It’s been less than three months since RAMMY award-winning chef Ryan Ratino cooked his last meal at now-shuttered Ripple. Within weeks he’ll be calling the shots at Bresca, the new restaurant he’s hurriedly assembled with the help of friends, coworkers, and industry professionals who want to see him succeed.
Ratino is intimately familiar with what it takes to make it in the D.C. metro area, having spent time in the kitchens at fusion restaurant Masa 14, gastro playground Minibar, and exurban retreat L’Auberge Provencale. But as he’s learned rather quickly since taking possession of the ground floor space that 14th Street NW mainstay Policy gave up earlier this summer, running a restaurant is all about problem-solving on the fly.
“There’s definitely a ton of unexpecteds,” he tells Eater, wistfully recalling the days when he could simply pick up the phone and have someone else troubleshoot any given issue. “No more engineering. You are engineering,” he says of the added responsibilities.
Luckily, he’s not going it entirely alone.

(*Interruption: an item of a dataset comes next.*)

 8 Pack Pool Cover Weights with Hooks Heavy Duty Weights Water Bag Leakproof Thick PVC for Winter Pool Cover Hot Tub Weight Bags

Ripple owners Curt Large and Roger Marmet are not financially involved in Bresca, but Ratino says they’ve been helpful in other ways. “They were always super supportive of what we were doing there [at Ripple], and very driven toward us achieving our goals and going for every accolade that we wanted,” he says of the flexibility he and his kitchen crew enjoyed while in Cleveland Park.

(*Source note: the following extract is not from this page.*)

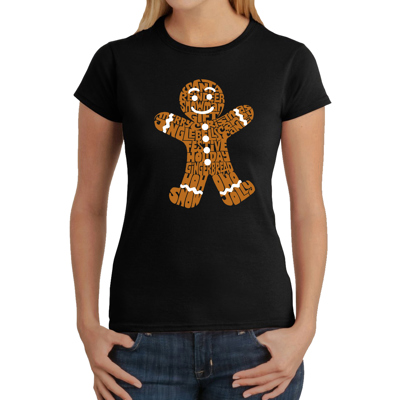 Gingerbread - Women's Word Art T-Shirt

According to Ratino, Large and Marmet kept him in the loop about their plans to close that restaurant, allowing him plenty of time to confer with like-minded associates, scout a potential landing spot, and mentally prepare for making the leap to ownership.
“It pushed me to try and find something because I didn’t want to go through the life cycle again,” is how Ratino describes the thought process behind breaking out on his own rather than sending out resumes.
Supporters were easy to find. Colada Shop co-founder and fellow Minibar alum Juan Coronado is working up the opening drinks menu. Chef de cuisine Jose Arguelles will continue cooking alongside Ratino — he tells Eater they’ve been inseparable since meeting in Florida nearly a decade ago — and is a partner in Bresca. Junior sous chefs Austin St. George and Michael Cummins will resume their places along the line at Bresca. Brian Zaslavsky, an alum of both Minibar parent company Think Food Group and homegrown Mindful Restaurants Group, is expected to serve as general manager.
Transforming the existing space is not too heavy a lift (stay tuned for details on the redesign). One major improvement: a rooftop garden Ratino and Arguelles recently seeded with assorted spices, herbs, and flowers.
Although significantly smaller than the half-acre plot he used to tend at L’Auberge Provencale, the raised flower beds along the breezy perch Bresca shares with Policy — “People can come out and enjoy a cocktail … it’s a little bit of a communal space for us,” Ratino says — are filled with edible and decorative plants.
Core acquisitions include rosemary, African blue basil, dill, Vietnamese cilantro (“I feel like it will be great on a crudo,” Ratino says of the vibrant herb), citronella, habanero oregano (“It’ll be great in a vinaigrette. You don’t have to add any kind of chili flakes or anything,” Arguelles says), pineapple sage, lemon verbena, marjoram, and colorful flowers.
“It’s cool to be able to come up here and grab our garnishes,” Ratino says.
Come spring, he’ll see about adding cucumbers or other vegetables to the mix — though those may be better suited for the 1-acre plot in Sterling, Virginia, where Ratino hopes to later erect some beehives (again, stay tuned).
His current goal: getting Bresca going before everyone’s attention is consumed by the dining boom happening in Southwest, the soon-to-be home to dozens of new restaurants.
“With the big names opening up in the Wharf … we felt that it would be good to open before all of those do,” he says of the immediate time-crunch, adding, “the fall looks big.”